DATA SEGMENT:
+ + + + + + +
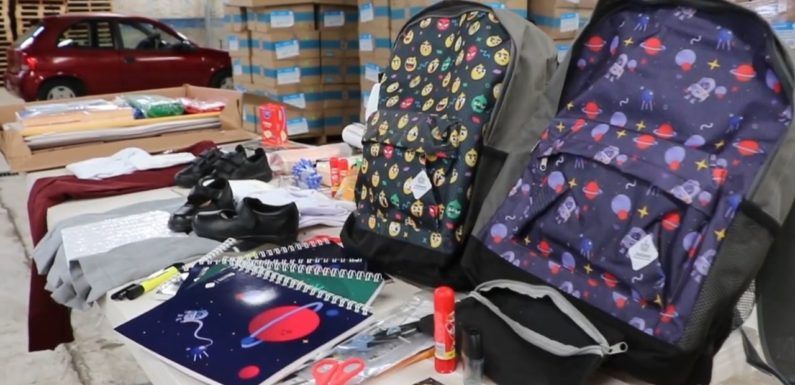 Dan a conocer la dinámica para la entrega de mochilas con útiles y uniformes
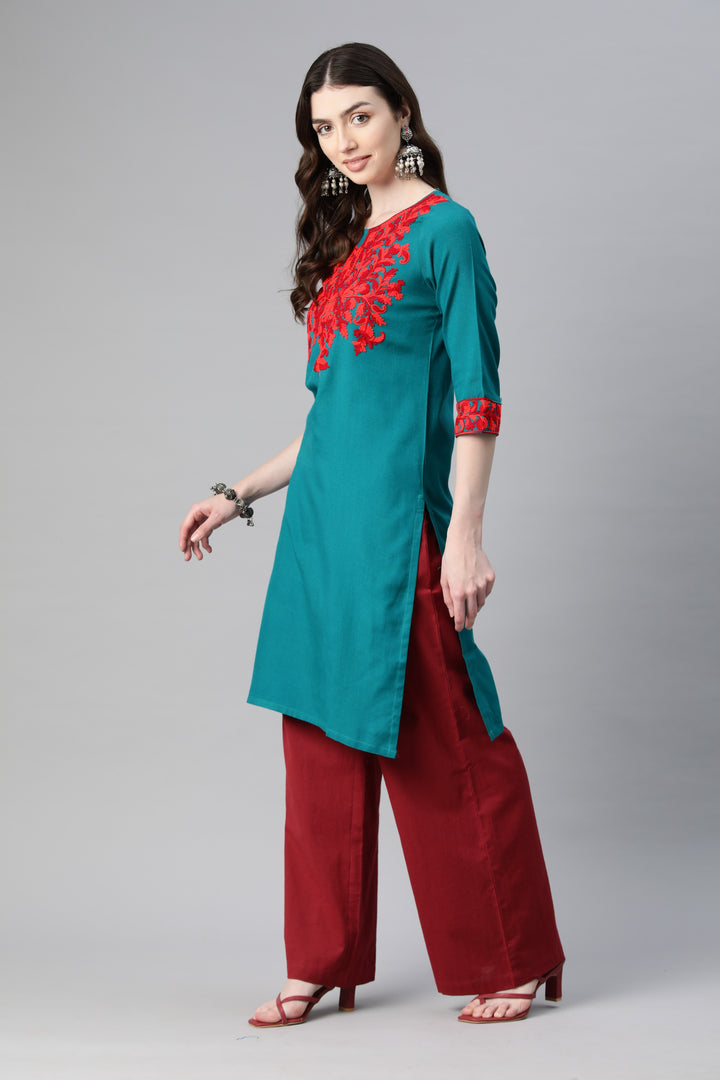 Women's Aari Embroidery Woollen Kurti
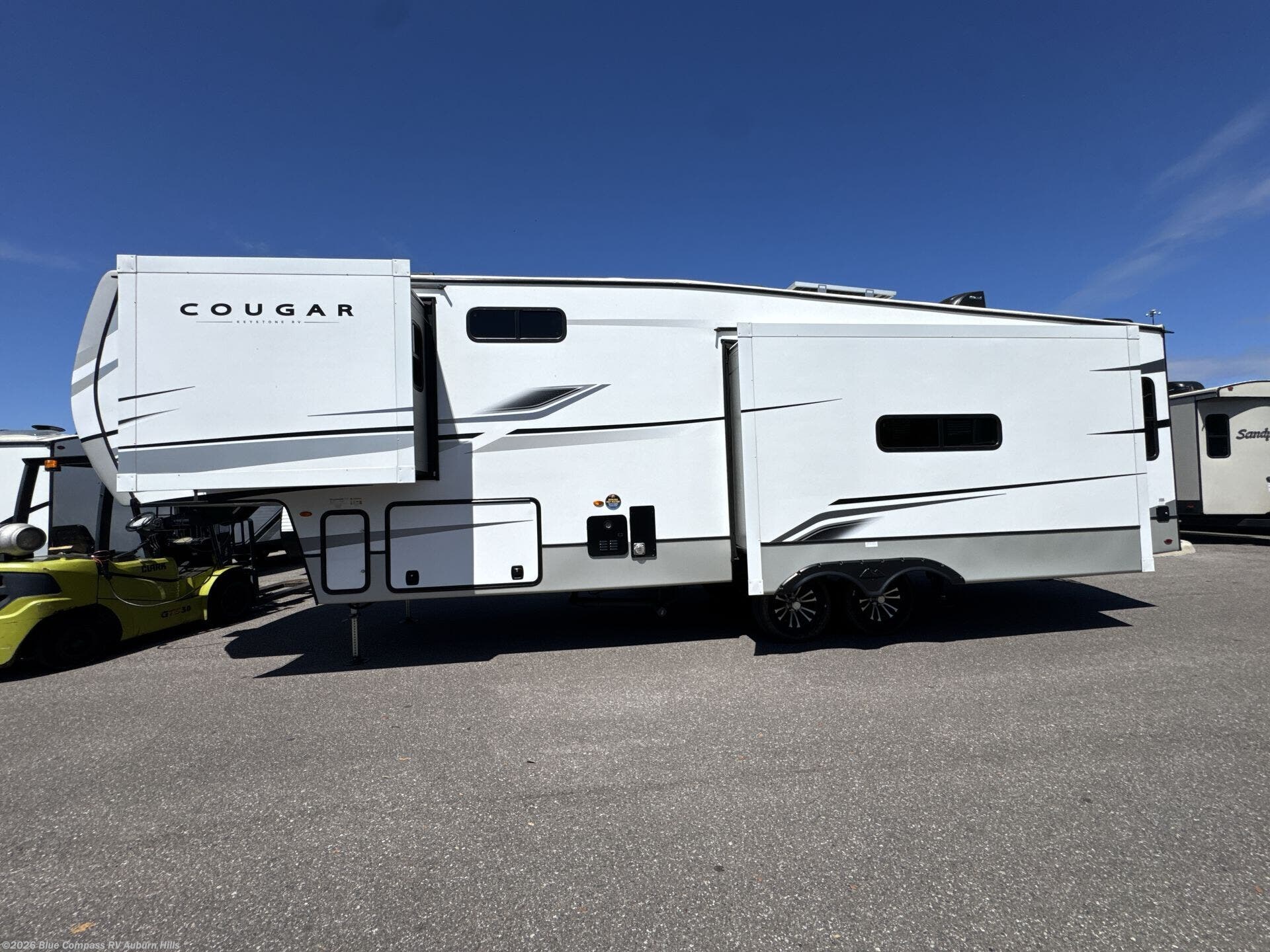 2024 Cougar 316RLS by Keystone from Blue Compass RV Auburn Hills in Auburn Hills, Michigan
+ + + + + + +
WHAT IS EXPECTED: The copy should begin at the line containing "Women's Aari Embroidery Woollen Kurti" and end at the last line of the data above; please restate those lines word for word without the pictures.

EXPECTED ANSWER:
 Women's Aari Embroidery Woollen Kurti
 2024 Cougar 316RLS by Keystone from Blue Compass RV Auburn Hills in Auburn Hills, Michigan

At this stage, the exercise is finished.